Lakeridge Standard Poodles.

Deborah is known for amazing white standards. Not sure if that is too far for you or not.

Best Wishes

Tabatha
NOLA Standards


----------



## PonkiPoodles (Feb 25, 2009)

NOLA Standards said:


> Lakeridge Standard Poodles.
> 
> Deborah is known for amazing white standards. Not sure if that is too far for you or not.
> 
> ...


I second that... her dogs are beautiful!!!


----------



## fall_09 (Oct 17, 2011)

thankyou very much! i will check her out!


----------



## CharismaticMillie (Jun 16, 2010)

How soon do you want a puppy? Safari Standard Poodles in Carlock, IL (an hour or so outside Chicago) breeds wonderful whites. I'm not sure when her next litter is planned but I recommend contacting her!


----------



## Keithsomething (Oct 31, 2009)

Contact Linda Blackie of Whisperwind poodles, I'm not sure if she has a litter or not but she would definitely be able to point you in the right direction for a litter (again like everyone else I don't know where you're located...so you were just offered some fo the best white breeders spreading across the country xD)


----------



## ArreauStandardPoodle (Sep 1, 2009)

Seraphim Poodles, Classique Poodles, Maurubi Poodles, all in Canada, have glorious whites!!


----------



## fall_09 (Oct 17, 2011)

Ive talked with Safari last month, she had puppys available but her whites were male  i dont know when her next letter will be but i assume not till fall or next year, i dont want to wait quite that long.

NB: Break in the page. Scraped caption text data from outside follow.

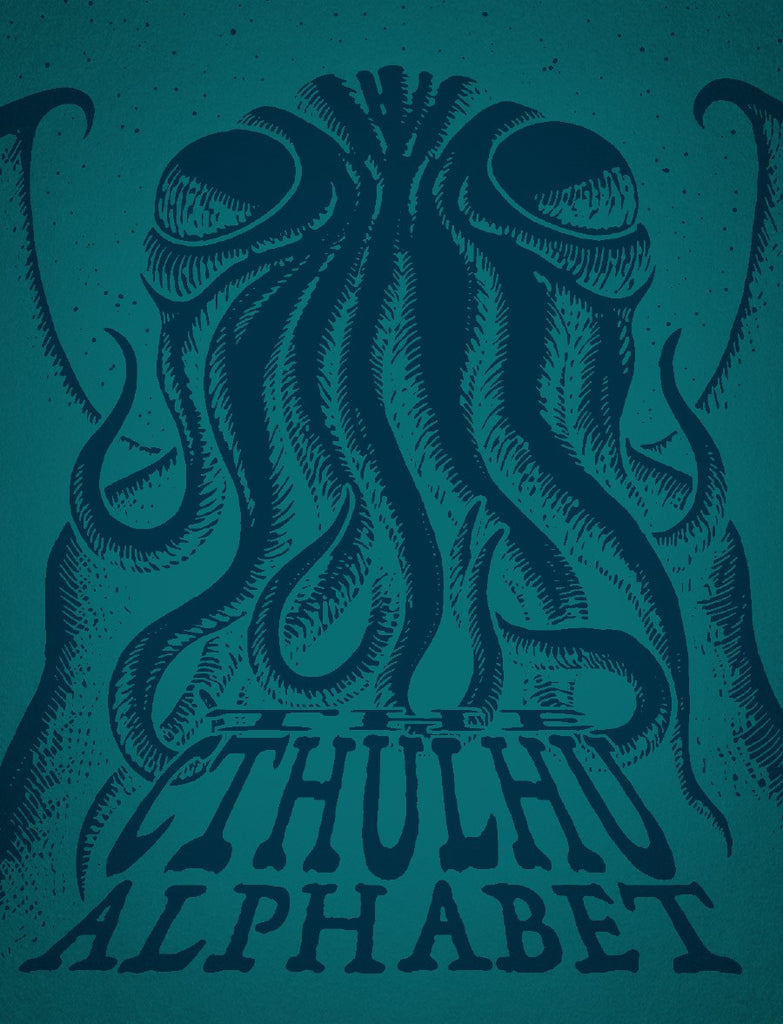 Cthulhu Alphabet RPG Supplement Hardback -Cerulean Foil Printing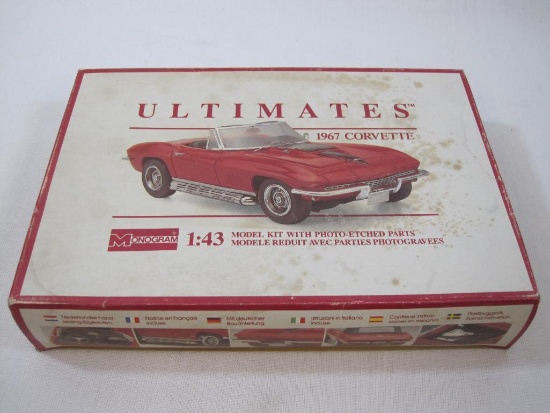 Ultimates 1967 Corvette 427 Convertible Model Kit, 1/43 Scale, 990 Monogram Models Inc #2045, 6 oz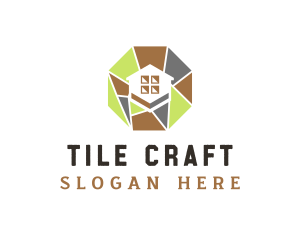 Tiling Renovation Construction logo design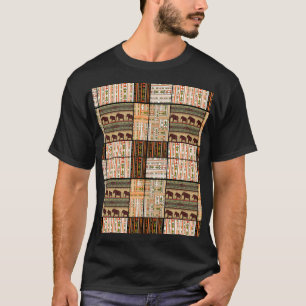 T-shirt Eléphants de Patchwork : Texture ornementale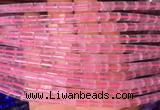 TBBS62 15 inches 5*7mm tube rose quartz gemstone beads wholesale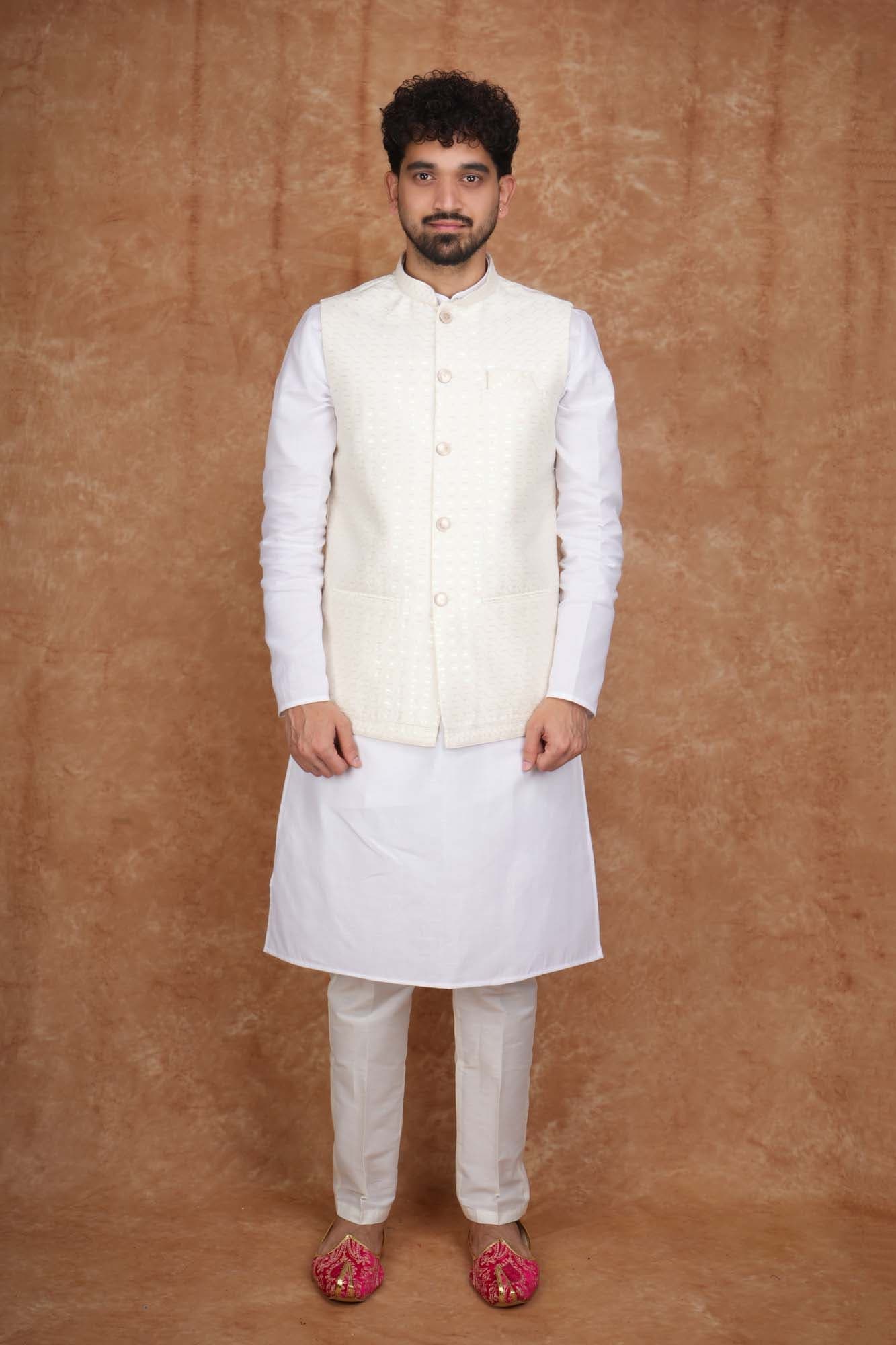 Tatvivah Men's Modi Jacket White 4208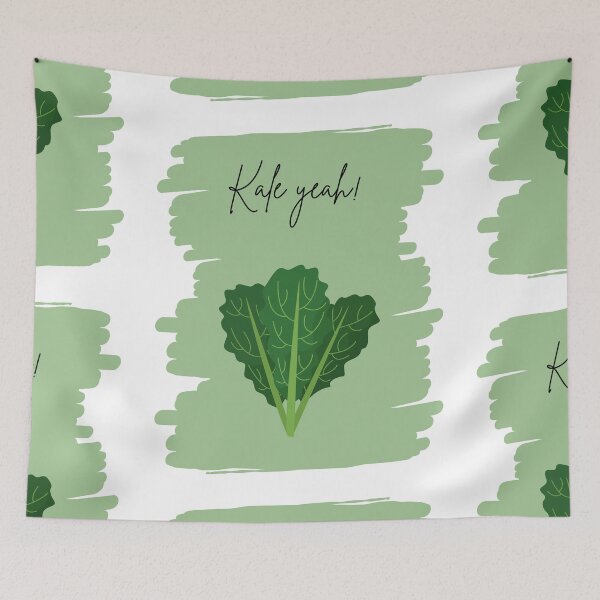Item preview, Kale Yeah! – Funny Veggie Art designed and sold by RaiyaTees.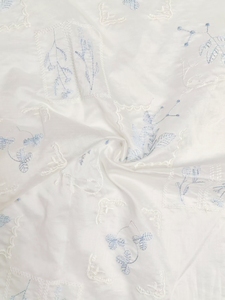 Nuevo Chaleco <span class=keywords><strong>de</strong></span> verano <span class=keywords><strong>de</strong></span> estilo chino, abrigo azul con <span class=keywords><strong>bordado</strong></span> <span class=keywords><strong>de</strong></span> <span class=keywords><strong>hojas</strong></span> <span class=keywords><strong>de</strong></span> flores <span class=keywords><strong>pequeñas</strong></span>, cómodo para tela Tencel transpirable - Product Image 3
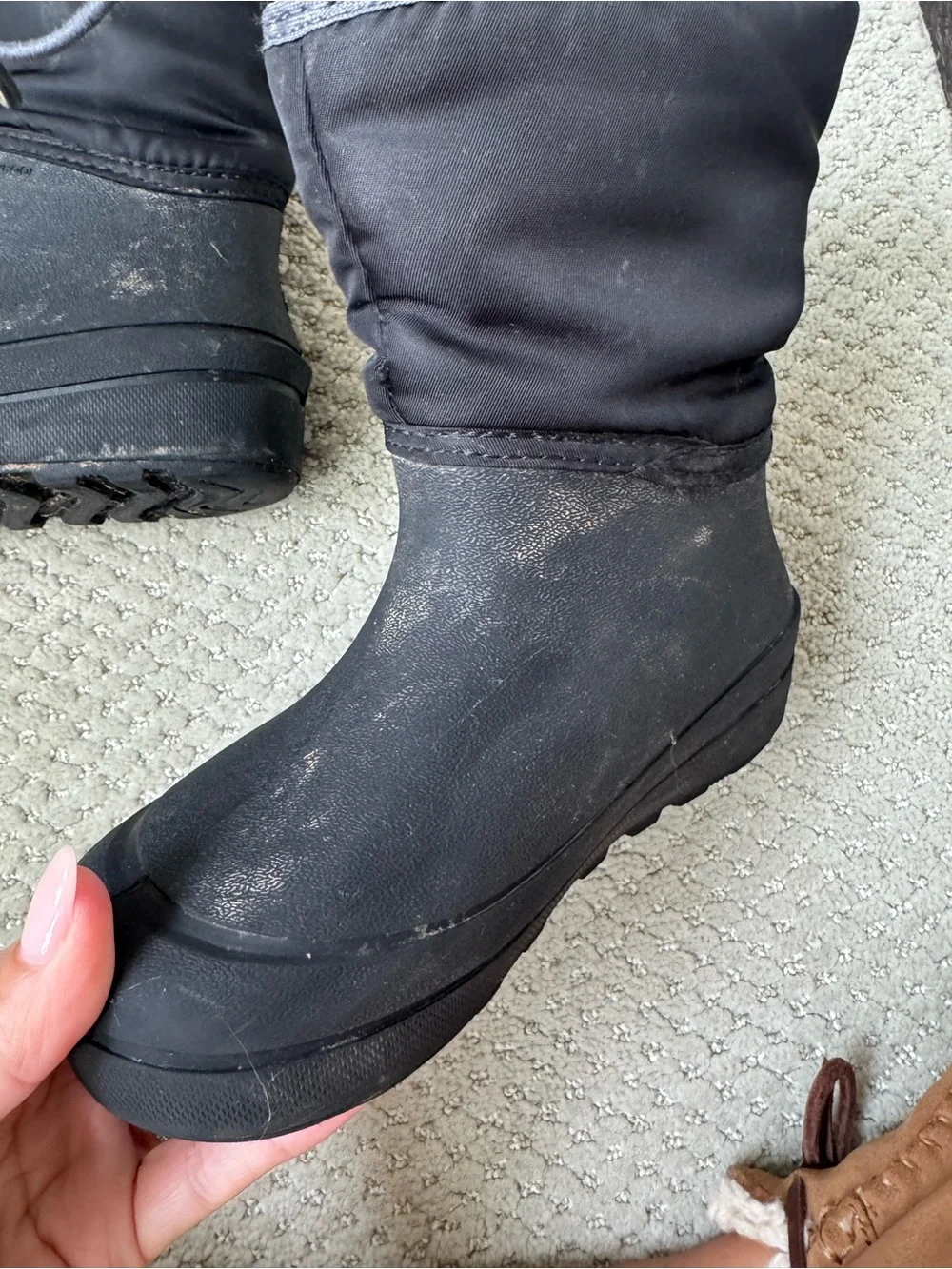BOGS Kids Snow Shell Waterproof Winter Boots Black Size 13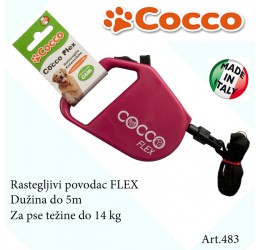 Rastegljivi povodac FLEX COCCO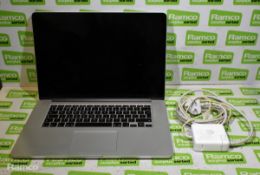 2015 15 inch Apple Macbook Pro - model number A1398 - charger included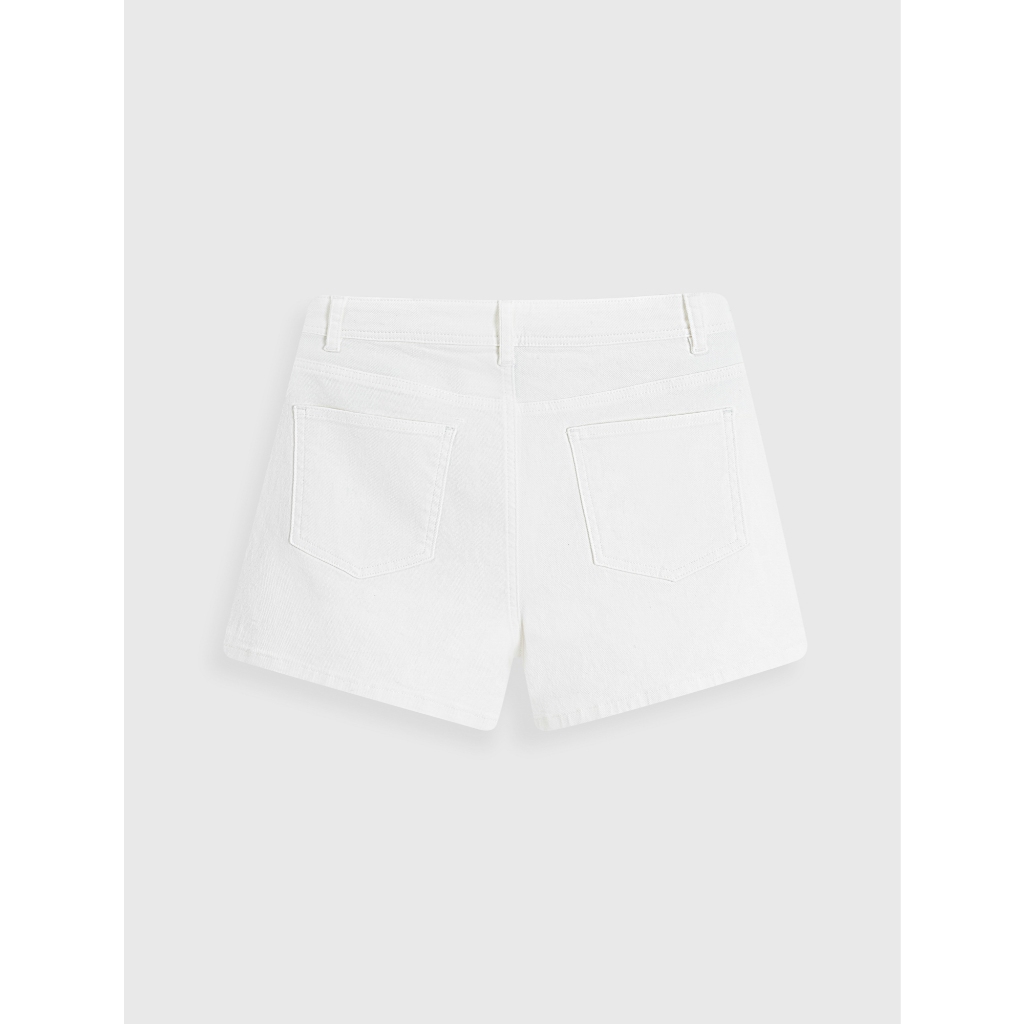Quần short nữ basic CANIFA chất cotton mềm mại co giãn dáng basic form ôm 6BS26S005
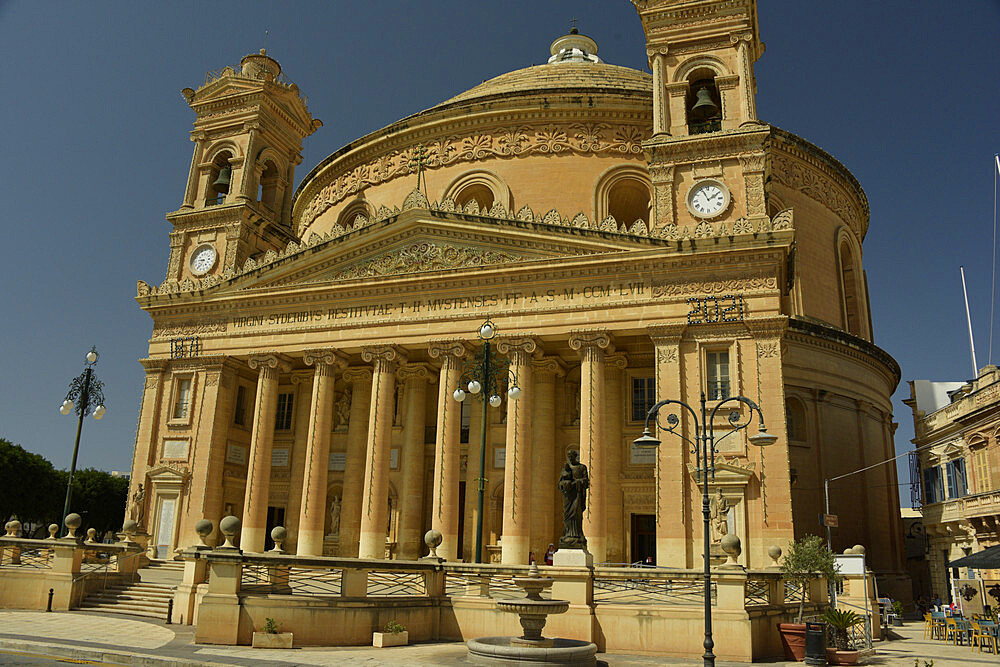 The Church of the Assumption of Our Lady (Mosta Rotunda) (Mosta Dome), Mosta, Malta, Mediterranean, Europe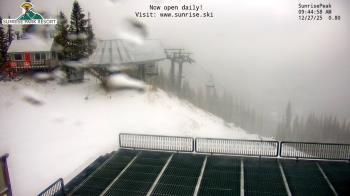Weather camera view of Sunrise Park Resort 10650 ft elev.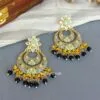 Grey Earrings for Grey Saree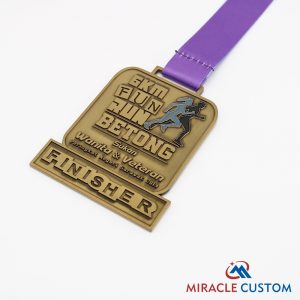 custom antique finish medals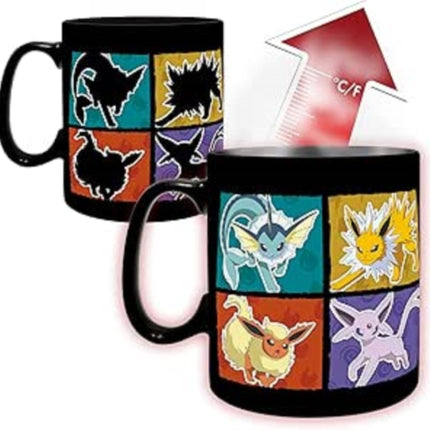 Pokemon Large Eevee Heat Change Mug
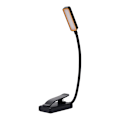 Miniatyrbillede 1 af 5: Bøjelig læselampe med clips - 10 LED-pærer Hvid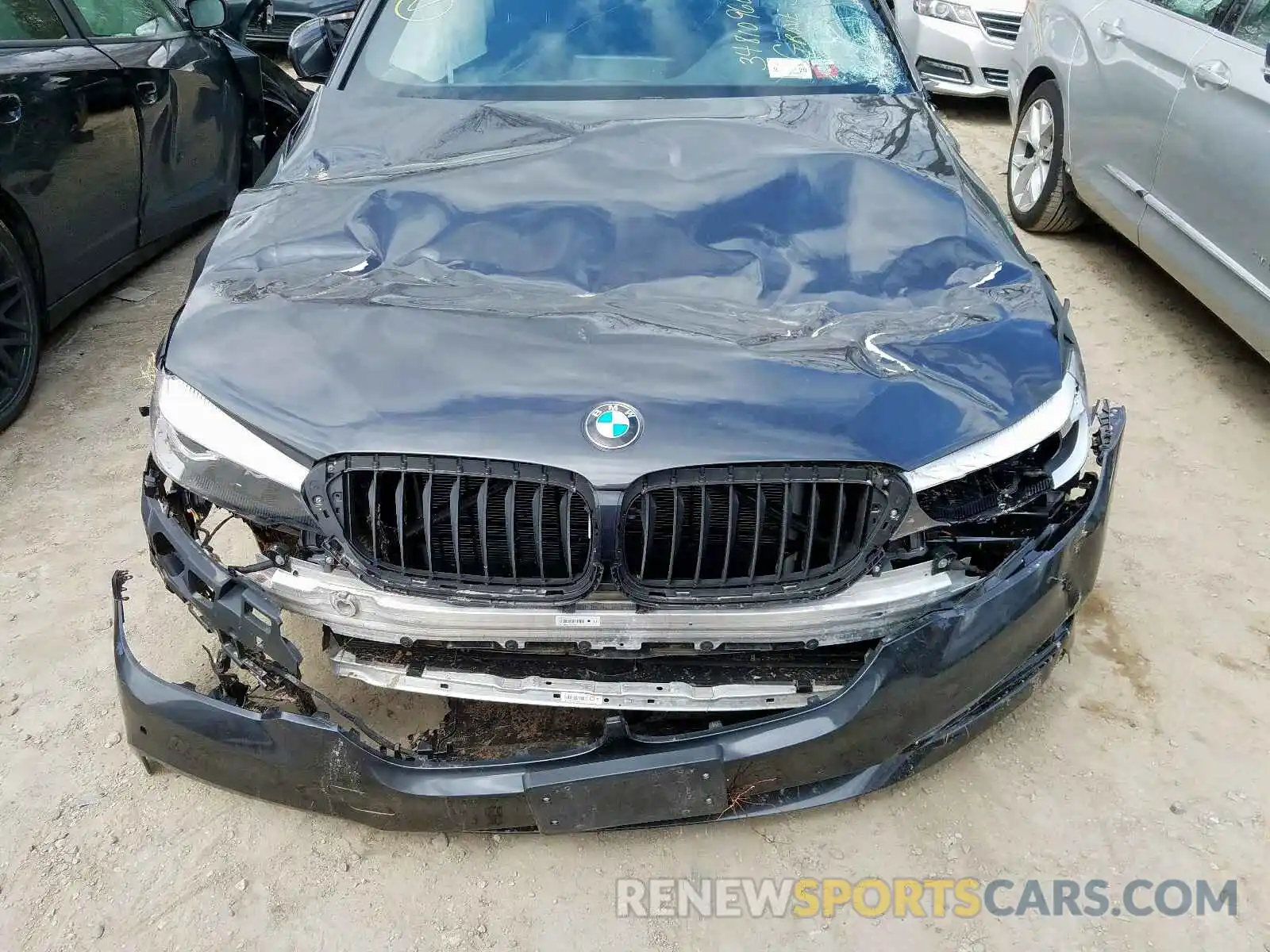 7 Photograph of a damaged car WBAJA5C52KBX87026 BMW 5 SERIES 2019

I will check out the others that you all have listed and see what I can find. THANK YOU ALL for the help! oh and i live in the northeast corner of nebraska. right by Iowa and South Dakota. right in the middle of no where haha


----------



## liljaker (Aug 6, 2011)

I think Judge's has an 8 month old white spoo available. Not sure if you were looking for puppy though.


----------



## liljaker (Aug 6, 2011)

Judge's white spoo, Gina, is pictured on the puppies available page, born 6/2011 available. She looks adorable, too.


----------



## Carley's Mom (Oct 30, 2011)

Tintlet has a beautiful white Standard, "Madonna". I would love to have her. When I was looking, she was my computers screen saver photo...lol She was not for sale then.


----------



## jfo (Nov 19, 2010)

Pretty sure Avalon in SW Wisconsin has whites coming in the near future. They have a great reputation as well.


----------



## Ms Stella (Aug 16, 2010)

Both of my white standards are from Judges Standard Poodle..they have great temperament and are beatiful  They often have dogs not litsted on their website..I live in Sioux Falls, SD. Are you near me? Would be happy to introduce you to my two girls. Tammie


----------